May 9, 2007

Series Thoughts and Observations

I couldn't think of anything to write after the Suns lost on Sunday. I thought it was because the loss put me in a mood less conducive to writing, but I don't think so anymore.

No.

It wasn't that it was depressing. It was just so cryptic. I was missing something. It was a classic game, I knew that. It just took a better-than-the-original sequel to put things in perspective.

Suns fans may not realize part of this yet, but I think that they'll come around eventually. That game one loss was a bit of a heart breaker filled with tons of ifs, wouldas, and couldas. There was an interesting subplot to that game that I have yet to see in the corporate media.

I noted before the series started that this series between the San Antonio Spurs and the Phoenix Suns would be all about style. The match ups were the big talk in the beginning among my privileged colleagues. But that talk has since turned to style - how this series is a clash between the league's best offense against the championship defense of the Spurs, or how the Suns are out to prove once and for all that up tempo, marginally defensive basketball can win the NBA title again.

That is, after all, what we are witnessing with this series. But did you notice this in game one? The Suns shot 50% from the field to San Antonio's 47.5% It was a half court game, though. The Suns played solid defense on Sunday all game long, and they were beating the Spurs in the half court. Then the second half came, and the Spurs showed the Suns that the Texans can beat the Suns at their own game - they ran off 60 points in the half.
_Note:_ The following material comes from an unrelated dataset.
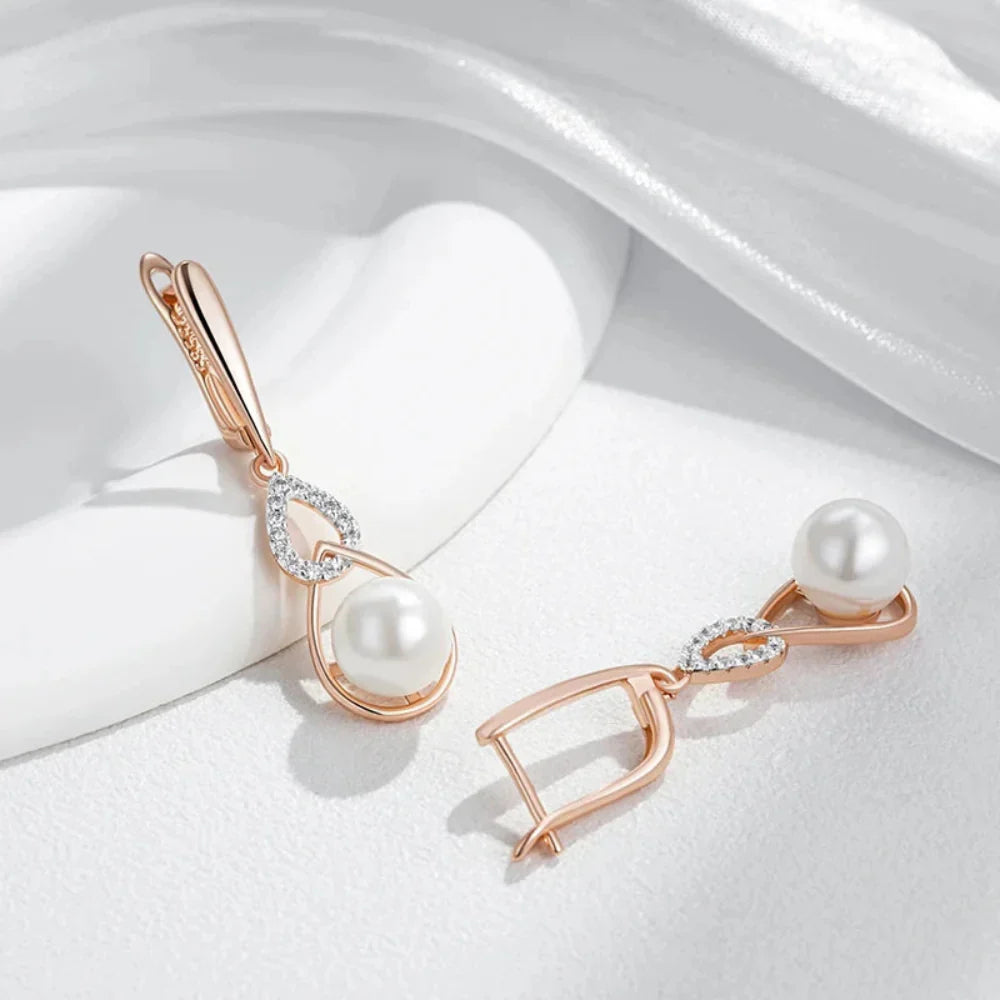 Brincos Longos de Pérola com Ouro Rosa 585 e Zircônia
The game itself was about two teams coming out to prove that they could win playing the other team's game. The Spurs beat the Suns at the running game after the Suns beat the Spurs at the half court game.
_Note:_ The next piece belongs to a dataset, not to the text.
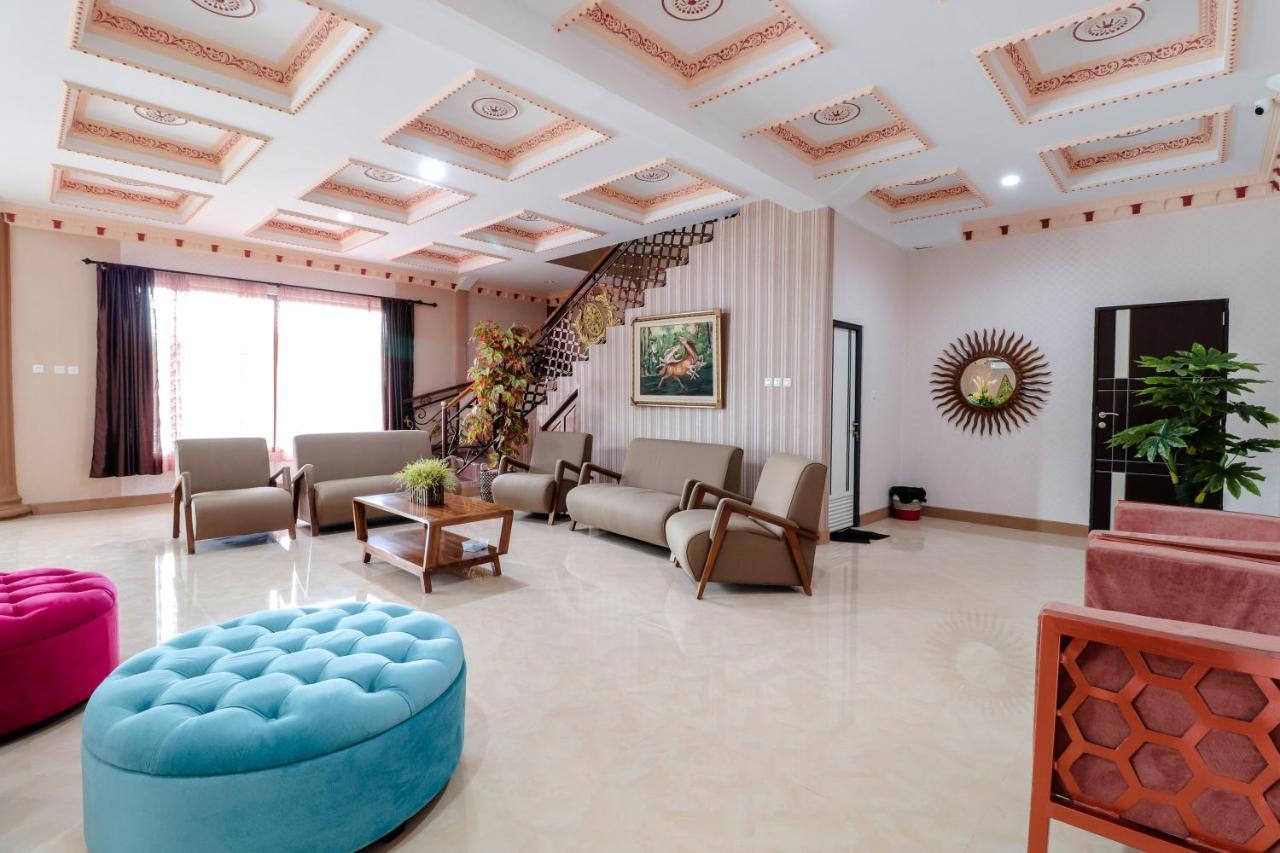 Sartini Inn Jogja Yogyakarta Exterior foto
That's not the cool part, though.

The Suns came out in game two of this series, and they put a world class beat down on the former champions. They did it playing San Antonio's game by holding the Spurs to 42% shooting for the game. And they did it by playing their own game of shoot-the-lights-out offense, evidenced by their 64.2% torrid love affair with placing the ball within the net in varying degrees of delicacy, ranging from feather-soft touch to two-handed, rim rockin' jam, over the last three quarters.
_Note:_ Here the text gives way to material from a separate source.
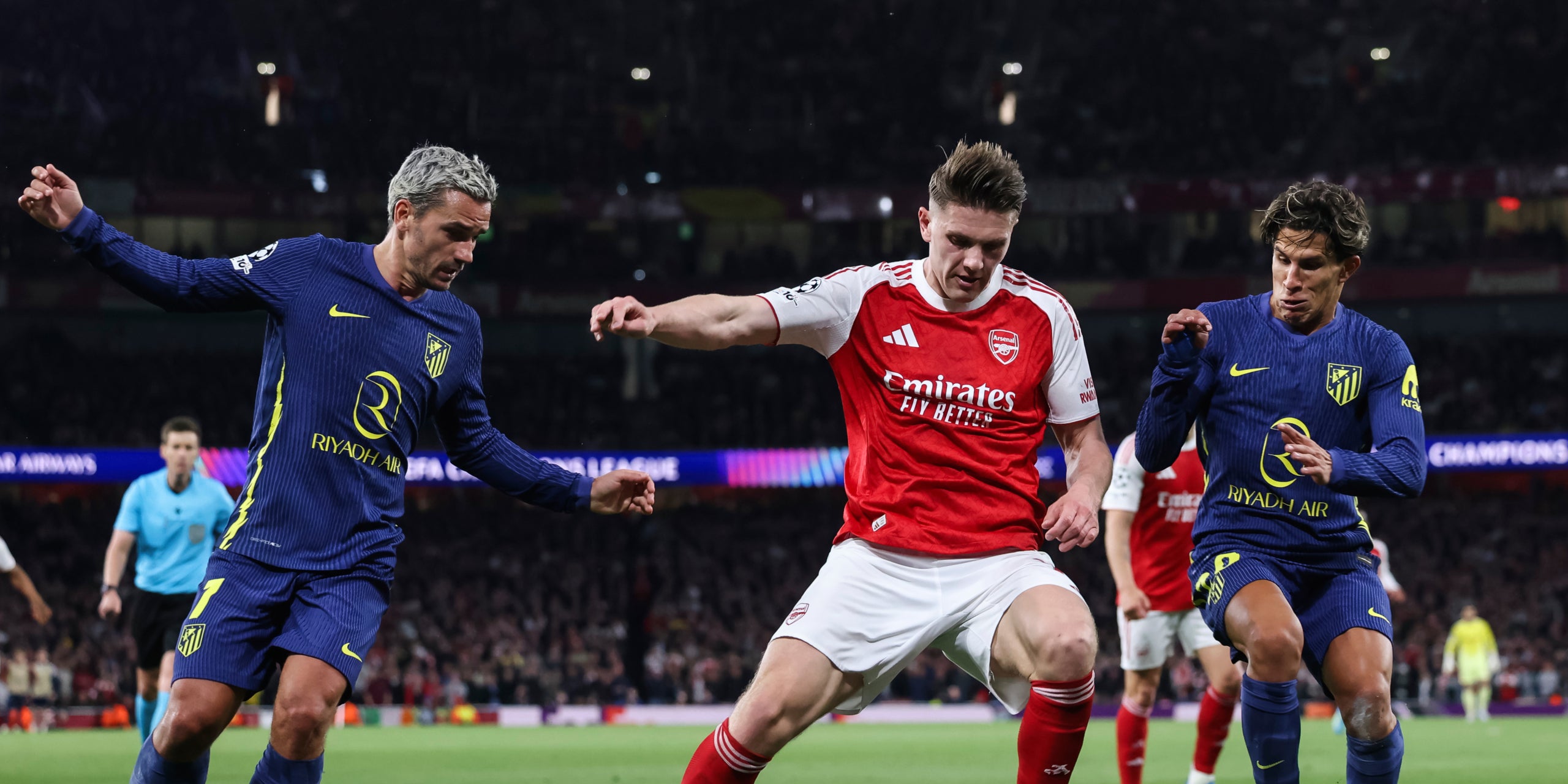 Antoine Griezmann, Viktor Gyökeres i Giuliano Simeone, durant l'Arsenal-Atlètic de Champions | Europa Press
So what has made this series a classic already?

The upstart Suns are a perfect offensive team. The champion Spurs are a killer defensive team.

Two styles.

Only one wins.

They duke it out on the streets of national television. Each jabbing and lunging, feeling each other out, finding the other's weak points and exploiting their own strengths.

And the Suns have shown through two games that they are better at both styles than the mountain they have to climb. This is going to be a classic series.

Suns in 6.

1 comment:

Elias Butler said...

I CONCUR.

AND THIS IS WHERE BLACK JESUS AND HIS SHEPARD GNASHTY AND RAH RAH THA FIERCE STEP IN TO IGNITE THE LITTLE SUN.